From the moment the actors take to the stage, it becomes evident why this play has mirrored the book in scooping top gongs - picking up seven Olivier Awards including Best Play in 2013.
It is the story narrated by 15-year-old Christopher Boone, who describes himself as “a mathematician with some behavioural difficulties”, who begins to play detective when his neighbour’s dog Wellington is killed.
As a role, the protagonist is not an easy one to play. Christopher’s condition is never actually stated, although there have been suggestions of Asperger syndrome, high-functioning autism and savant syndrome.
It is a physically demanding part that requires the audience to see his way of life, to feel his emotions, to understand his literal thinking (don’t ever talk to him in metaphors), while also making them laugh. Something that during The Lowry’s staging of the show, actor Joshua Jenkins did with ease.
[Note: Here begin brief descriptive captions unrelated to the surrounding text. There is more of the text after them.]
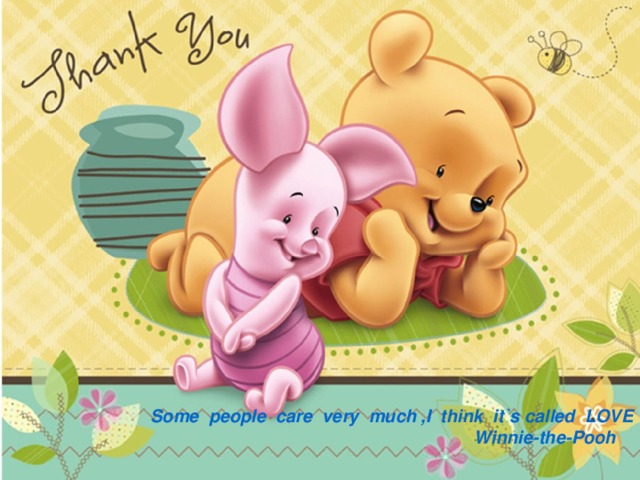 Some people care very much ,I think it`s called LOVE  Winnie - the - Pooh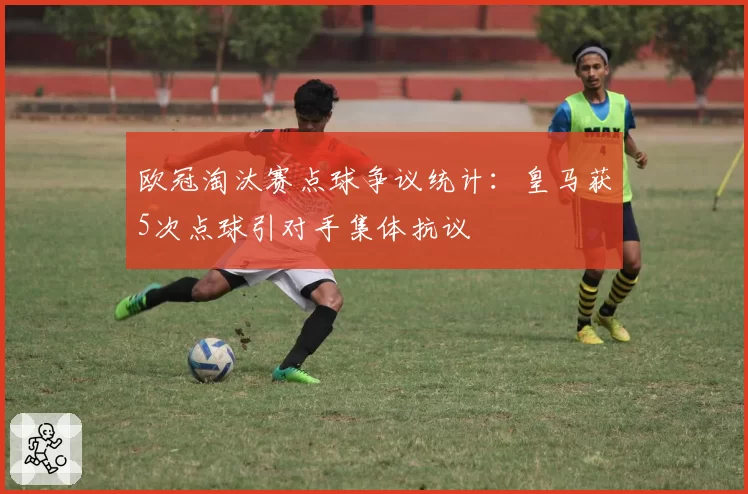 欧冠淘汰赛点球争议统计:皇马获5次点球引对手集体抗议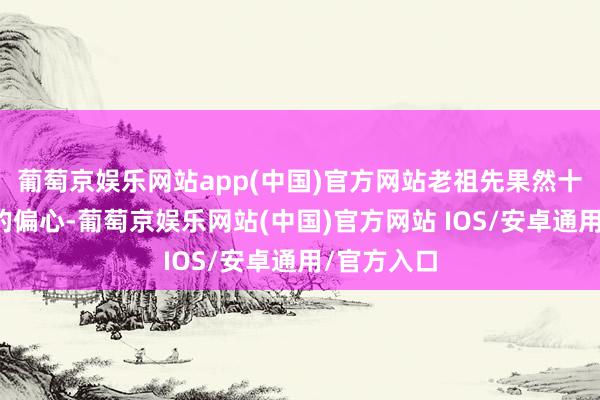 葡萄京娱乐网站app(中国)官方网站老祖先果然十年如一日的偏心-葡萄京娱乐网站(中国)官方网站 IOS/安卓通用/官方入口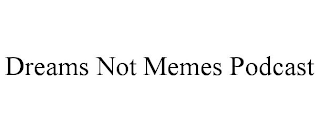 DREAMS NOT MEMES PODCAST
His physicality, gestures, energy, and comedic timing means he has everybody in the auditorium in the palm of his hands, and his rapport with other actors is also worthy of praise. His scene where he transforms into an astronaut is particularly astounding, as is the conclusion to Act One.
The other cast members all do a flawless job of taking on multiple roles, going from a named character one minute, to part of the ensemble next, to keep the plot flowing and maintain engagement. Stuart Laing gives an extremely memorable performance as Christopher’s dad Ed, while Gina Isaac also stands out as his long-lost mum Judy - the pair helping to tell the tragic tale of a family torn apart by pressure.
But it is not just the people on the stage that make it the resounding success it is. The imaginative set, the exhilarating score, the stunning lighting rig, all help to make Simon Stephens’ adaptation one of the most spectacular productions of the moment.
With all the action taking place within a huge mathematical grid, it is my recommendation for anybody wanting to see this show to purchase either circle or upper circle seats.
Throughout the production, Christopher tells us he will be (no beating around the bush) getting an A in his A-Level Maths. A grade he successfully achieves.
And now his fictional part has helped create an A* piece of work that captures the heart with its innovation and imagination. Five stars.